Lily und der Major
»Hier«,
sagte sie und drückte sie Charlie in die Hand. Dann gab sie ihm Munition aus
einer Schublade und holte für sich selbst eine 33er aus dem Schrank.
»Woher wollen Sie wissen, daß es
Banditen sind?« erkundigte sie sich, während sie zum Fenster ging und den
Horizont absuchte. Sie fragte sich, ob Caleb schon in der Nähe war und die
Reiter bemerkt hatte. »Weil sie so aussehen«, erwiderte Charlie schlicht.
Lily sah die Männer auf den Bach
zureiten und zählte fünf. »Es wäre besser, wenn Sie zum Fort reiten und Caleb
holen würden«, sagte sie, ohne Charlie anzusehen. »Wenn diese Männer Banditen
oder Rebellen sind, sollten sie verhaftet werden.«
»Ich habe Ihnen doch gesagt, daß ich
mein Pferd verloren habe.«
»Dann nehmen Sie meins. Dancer steht
im Stall.«
Charlie zögerte. »Ich lasse Sie
nicht gern allein zurück. Miss. Sie sollten mich lieber begleiten.«
»Damit diese Kerle mein Haus
ausrauben? Kommt nicht in Frage, Charlie Schnelles Pferd. Los, gehen Sie
schon!«
Widerstrebend verließ Charlie das
Haus und huschte über den Hof zu der alten Hütte, die nun Dancers Stall war.
Lily wandte den Blick nicht von den
Reitern ab. Sie erschrak, als sie kurz darauf auf Charlie zeigten, der in einem
halsbrecherischen Galopp die Farm verließ, aber keiner von ihnen nahm seine
Verfolgung auf.
Nervös kaute Lily an ihrer
Unterlippe, während sie wartete.
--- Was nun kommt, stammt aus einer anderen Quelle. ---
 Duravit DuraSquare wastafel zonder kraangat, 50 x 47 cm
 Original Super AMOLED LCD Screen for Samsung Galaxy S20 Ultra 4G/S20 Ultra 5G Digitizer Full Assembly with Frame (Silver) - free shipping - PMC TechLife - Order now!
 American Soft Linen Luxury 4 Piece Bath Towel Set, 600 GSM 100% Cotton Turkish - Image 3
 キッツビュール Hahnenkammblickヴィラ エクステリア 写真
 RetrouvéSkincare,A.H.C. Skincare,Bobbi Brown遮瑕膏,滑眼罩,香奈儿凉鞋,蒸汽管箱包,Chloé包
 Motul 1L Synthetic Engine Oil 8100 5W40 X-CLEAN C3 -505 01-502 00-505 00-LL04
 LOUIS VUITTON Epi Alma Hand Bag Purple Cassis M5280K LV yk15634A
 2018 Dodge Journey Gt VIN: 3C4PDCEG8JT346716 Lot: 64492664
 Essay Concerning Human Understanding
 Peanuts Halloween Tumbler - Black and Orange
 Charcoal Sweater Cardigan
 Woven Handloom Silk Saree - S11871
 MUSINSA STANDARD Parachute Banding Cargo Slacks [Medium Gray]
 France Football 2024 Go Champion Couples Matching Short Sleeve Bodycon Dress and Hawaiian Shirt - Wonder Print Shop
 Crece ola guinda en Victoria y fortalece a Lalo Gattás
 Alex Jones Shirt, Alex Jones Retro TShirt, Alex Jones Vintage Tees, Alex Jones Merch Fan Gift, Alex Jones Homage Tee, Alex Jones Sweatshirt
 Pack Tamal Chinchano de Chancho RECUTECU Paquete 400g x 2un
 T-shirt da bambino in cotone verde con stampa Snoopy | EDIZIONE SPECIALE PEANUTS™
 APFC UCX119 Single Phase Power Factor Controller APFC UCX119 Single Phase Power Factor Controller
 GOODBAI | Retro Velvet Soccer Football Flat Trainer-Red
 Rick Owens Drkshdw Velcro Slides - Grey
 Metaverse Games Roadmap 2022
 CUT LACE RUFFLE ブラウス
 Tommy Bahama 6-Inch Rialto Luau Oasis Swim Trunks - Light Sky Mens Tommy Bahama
Vielleicht hatte Charlie sich geirrt, und die
Männer waren doch ganz harmlos?
Endlich überquerten sie den Bach.
Ihr Anführer, ein blonder Mann auf einem Pinto, nahm seinen breitkrempigen Hut
ab und zeigte auf die Farm.
»Hallo da oben!« rief er.
Nach einem tiefen Atemzug öffnete
Lily die Tür und trat, die 33er in der Hand, auf die Veranda.
Die Männer lachten und grinsten beim
Anblick des Gewehrs. Lily lud es durch, um ihnen zu zeigen, daß sie es nicht
mit einem Greenhorn zu tun hatten. »Was wollen Sie?«
Der Anführer kam herangeritten. »Wir
möchten nur unsere Pferde tränken und uns ein bißchen ausruhen, Madam, das ist
alles.«
»Dann tun Sie es«, sagte Lily, und
bald tranken die Pferde durstig am Bach, während vier der Männer ihre
staubbedeckten Gesichter wuschen und mit dem kalten Wasser ihren Nacken kühlten. »Sind sie ganz
allein hier?« wollte der Anführer wissen.
Lily lächelte gezwungen. »Im
Augenblick ja.«
Der Fremde trat näher, und Lily
richtete die Mündung des Gewehrs auf ihn. In einer Geste des Friedens hob er
beide Hände. Er war ein schlanker Mann in dunklen Hosen, Weste und einem Hemd,
das vermutlich einmal weiß gewesen war.
»Schießen Sie nicht, kleine Lady.
Wir haben keine bösen Absichten.«
Doch Lily ließ das Gewehr nicht
sinken. »Ich hörte, daß Sie Banditen sind. Ist das wahr?«
»Es wird viel geredet in dieser
Gegend«, warf einer der anderen vier Männer ein. Er war sehr korpulent und
trug einen buschigen Schnurrbart und einen schmutzigen Zylinder, der einmal
einem Gentleman gehört zu haben schien.
»Halt den Mund, Royce«, sagte der
Mann in der Weste. »Ihre Pferde sind getränkt«, wandte Lily ein. »Ich glaube,
es wäre besser, wenn Sie jetzt weiterreiten würden.«
Alle lachten, als hätte Lily einen Witz
gemacht, und im nächsten Augenblick packte jemand sie von hinten, preßte seine
Hand auf ihren Mund und entriß ihr das Gewehr.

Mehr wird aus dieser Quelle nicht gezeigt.